Ms Rangeley said: “My brief was to design a model of an 18-month-old child’s skull with a brain tumour and fluid on the brain. Using the 3D print of a skull enabled us to make it very realistic. I was surprised to learn that a toddler’s skull is paper thin in parts - so it’s important for surgeons to experience drilling into different sections so they know how much pressure to apply.
“The brain needed to feel like the human equivalent so that trainee surgeons could practise techniques to alleviate excess fluid on the brain. It was also important that the cerebellum (or base of the brain) and the tumour or blood clot within it, look and feel very realistic, so that the trainee surgeons can identify the various structures and assess how they would proceed in a simulated operation.”
Miss Craven said: “Performing surgery on a baby or toddler is much more high risk because if they lose even a few milliletres of blood it can make a huge difference to their outcomes.
“Rehearsal for complex or high-risk procedures is important in any field of medicine, particularly surgery. We learn in a supported environment in the operating theatre and we often supplement that learning by attending courses, or practising on cadavers.
“There is no child cadaveric material available for surgeons to practise on, in the same way as there is for adults. These very realistic models fill this niche. The models have bespoke anatomy and they are portable, so you could use them in the operating theatre to familiarise yourself with a procedure before an operation, or use them to practise a surgical technique around the kitchen table at home.”
Notes to editors
- Mr Martyn Cooke is Head of the Conservation Unit at the Royal College of Surgeons. He is a trained histologist and prepared patients’ biopsies for medical analysis. He has also had a life-long interest in making models. Mr Cooke combined his two interests in life to design a model skull and brain. This is used by neurosurgeons to practise treating patients who have suffered a head trauma, or to practise removing a brain tumour.
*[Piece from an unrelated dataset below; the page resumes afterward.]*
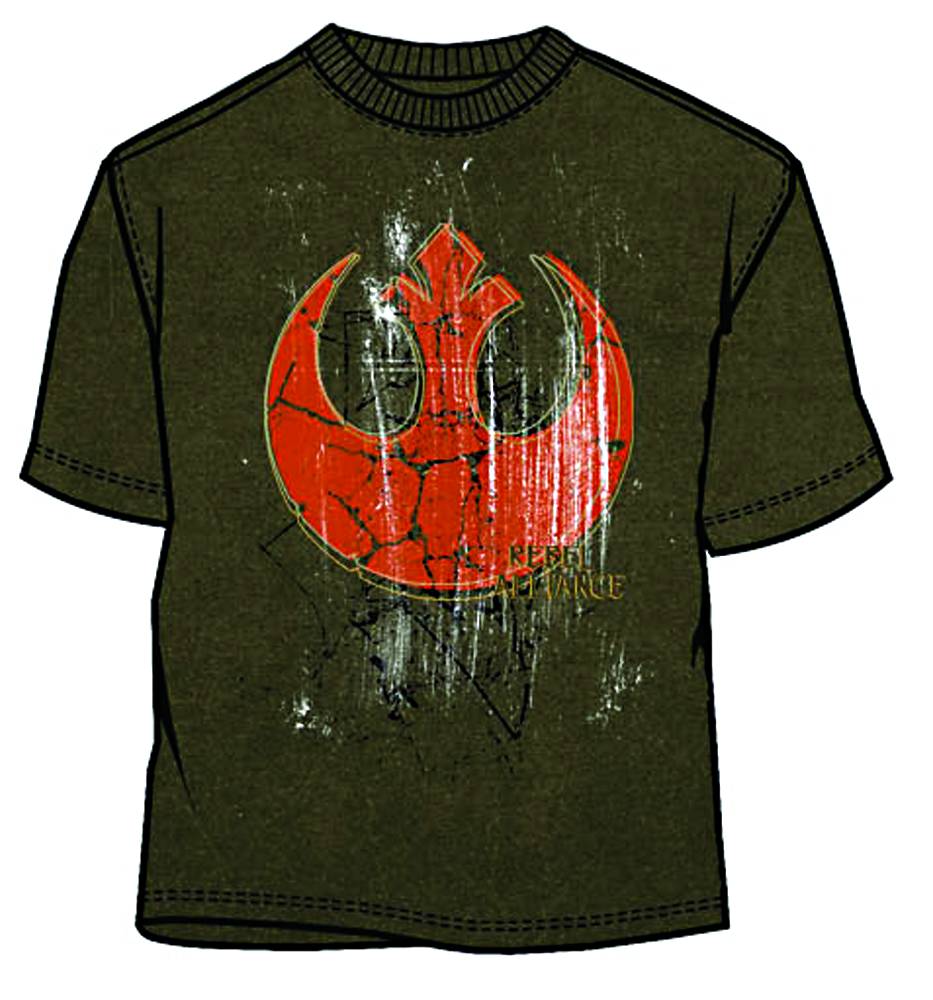 SW REBEL YELL MILITARY GREEN T/S MED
- Miss Mary Murphy is a Consultant Neurosurgeon at the National Hospital for Neurology and Neurosurgery in Queen’s Square, London. She is Deputy Clinical Director of Neurosurgery at the hospital and a former neurosurgery tutor at the Royal College of Surgeons (2010-2013).
- Miss Claudia Craven is a third year Neurosurgery Trainee based in the North Thames region, so she rotates between working at The National Hospital for Neurology and Neurosurgery in Queen’s Square, and the Royal London Hospital.
- Clare Rangeley is a Sculptor and Medical Model Maker. Based near Bristol, she has been a sculptor for over 30 years and making medical models for over 20 years.
- The acronym MARTYN stands for: Model Anatomical Replica for Training Young Surgeons.
- The Royal College of Surgeons of England is a professional membership organisation and registered charity, which exists to advance surgical standards and improve patient care.